Tonight was day two of the journey to sleep-train my three-year old. I re-arranged my room and put his toddler bed as far away as possible from my bed. He has his own room, but I wanted to transition him there gradually. Or at least that’s what I had to tell myself.
I sleep-trained my first by letting him self-soothe (cry it out) in his crib, while I went in to console him countless times and cried, too. It never sat right with me.
When I think about that, I regret allowing myself to be pressured into using the Ferber Method. It only made things harder for me as I was nursing, and the baby still wanted to feel me close. I felt it and knew it, and I continued with the Ferber Method anyway.
I learned that I am not one of those self-soothing moms. And I do wish I had done it differently, but I’m glad I saw the lesson and could apply it to my second.
It only took a few days of my first crying it out, and me going in and out trying to console him. He eventually stopped crying. He slept through the night and self-weaned a few months later.
To everyone it seemed like a success, but to me it still felt like I could have and should have done it a better way.
Fast-forward to tonight, I was putting my little one to bed as he frantically walked around the house sobbing, and searching for spider man and bat man to sleep with, and it just came to me.
For the last few hours, I had allowed myself to feel this sort of anger, frustration, even annoyance. A few people and events got to me, but in reality I was just choosing to still be pissed.
And during this time of his need, as my little one procrastinated because he knew sleeping in his own bed was imminent, I realized that I wasn’t present. Not for him and not for myself.
I wasn’t there with him in that moment, allowing him to not only see me “trying to be okay,” but actually being okay and calm and calming to him.
Last night, day one didn’t go so well. He was frantic, too, got up multiple times, and eventually cried so much, he upset himself to the point of vomiting. Needless to say, he ended up in my bed. #notsorry#noregrets
So as I tucked him in his bed tonight, I prayed, sang, and then went silent. I began breathing deeply. I didn’t know what else to do!
I was sitting on the floor next to his bed, legs already crossed. I erected my back, turned my palms, closed my eyes and focused on breathing.
Eyes closed, I became fully present in the moment by only focusing on that breath.
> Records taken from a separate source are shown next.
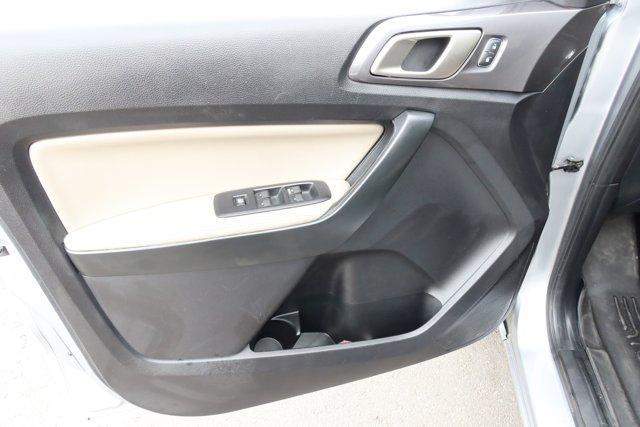 used 2020 Ford Ranger car, priced at $29,888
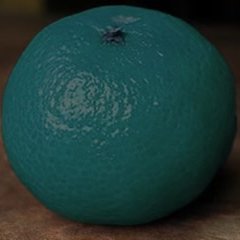 Cyan_Mandarin's profile picture. BIO Logico e senza additivi aggiunti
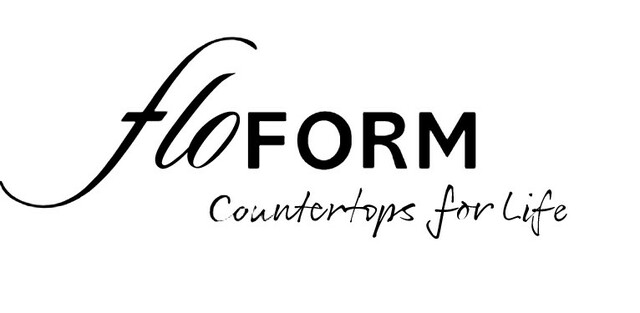 LOGO FloForm Countertops | Calgary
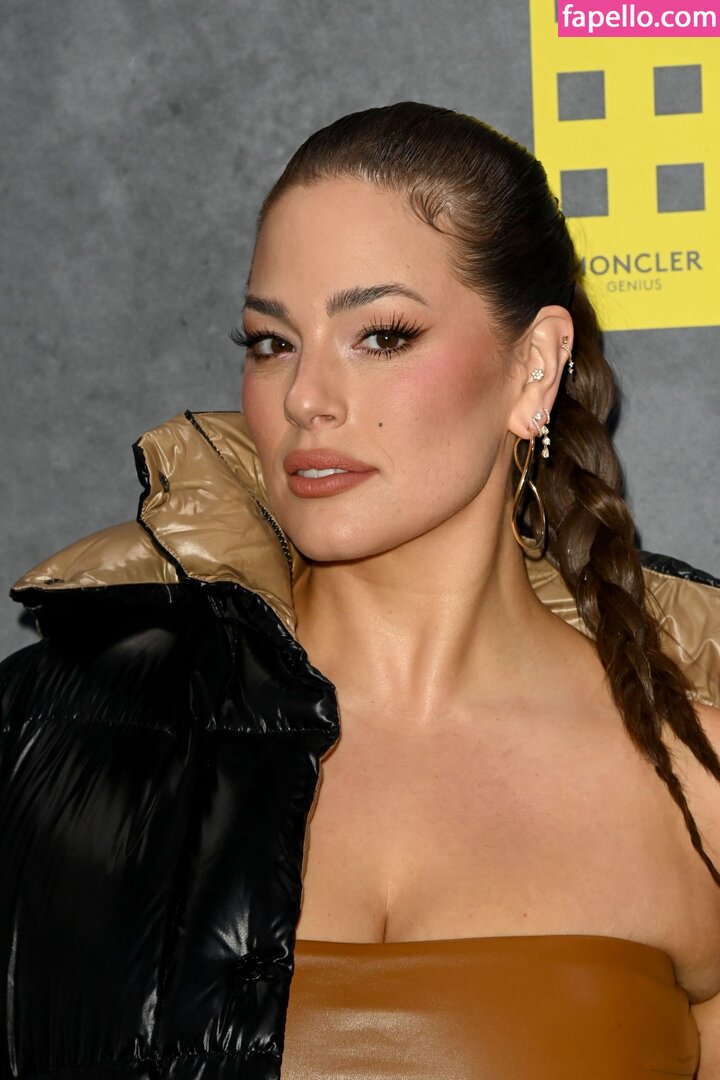 Ashley Graham leaked nude photo #0368 (Ashley Graham / AshleyGraham / ashley-graham)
I didn’t speak to him or touch him, but I was sitting right next to him so he would know I was there.
My intention was to find a way to soothe him into this new thing, sleeping in his bed. But I knew I had to find a way to control what was going on in me first, before I could ever help him.
Soon I could hear his breathing getting deeper. I peaked with one eye and his were still open.
I went back to meditating.
Every time I meditate, after I get into my breathing, I focus on a statement/affirmation/
I’m not an expert at meditating nor have I ever been formally trained. I have watched a million videos and read a ton of books, blogs and articles, so that makes me a reliable source to MYSELF. Maybe one day I’ll make it official. Maybe and probably not.
Anyway, this is how I’ve managed to silence the thoughts and when they can’t be silenced and/or aren’t meant to? This process has allowed me to listen through the noise and distractions.
During the whole time I was pissy earlier, he was too. When it was time to sleep in his own bed, and I wasn’t there for him fully in that moment, he was frantic. When I focused my attention on ME, not him, he felt reassured, complete and safe enough to fall asleep.
Of course I already knew the fundamentals of energy. I already knew that I could impact his entire existence like that. I already knew that if I only got my emotions together and went within, I was one instant, one decision away from being in a totally different mental state.
But I had CHOSEN to be pissed. Allowed it. Sat in it. Just kinda stayed there. It happens to everyone!
Well, decision time came, and I could no longer my personal responsibility. No person, situation, event had caused me to truly be pissed. I was making that choice and I was ignoring the consequences of that choice.
I had no idea meditating was going to work. I didn’t know what to do to calm him. And I knew I wasn’t calm and wasn’t present, so instead of ignoring those feelings and thoughts, I embraced them and I released them.
Within 10 minutes he was completely asleep and snoring.
As I pried Batman and Spiderman from his loving grip, I saw his angelic little face and it reminded me of just how powerful and capable we human beings are.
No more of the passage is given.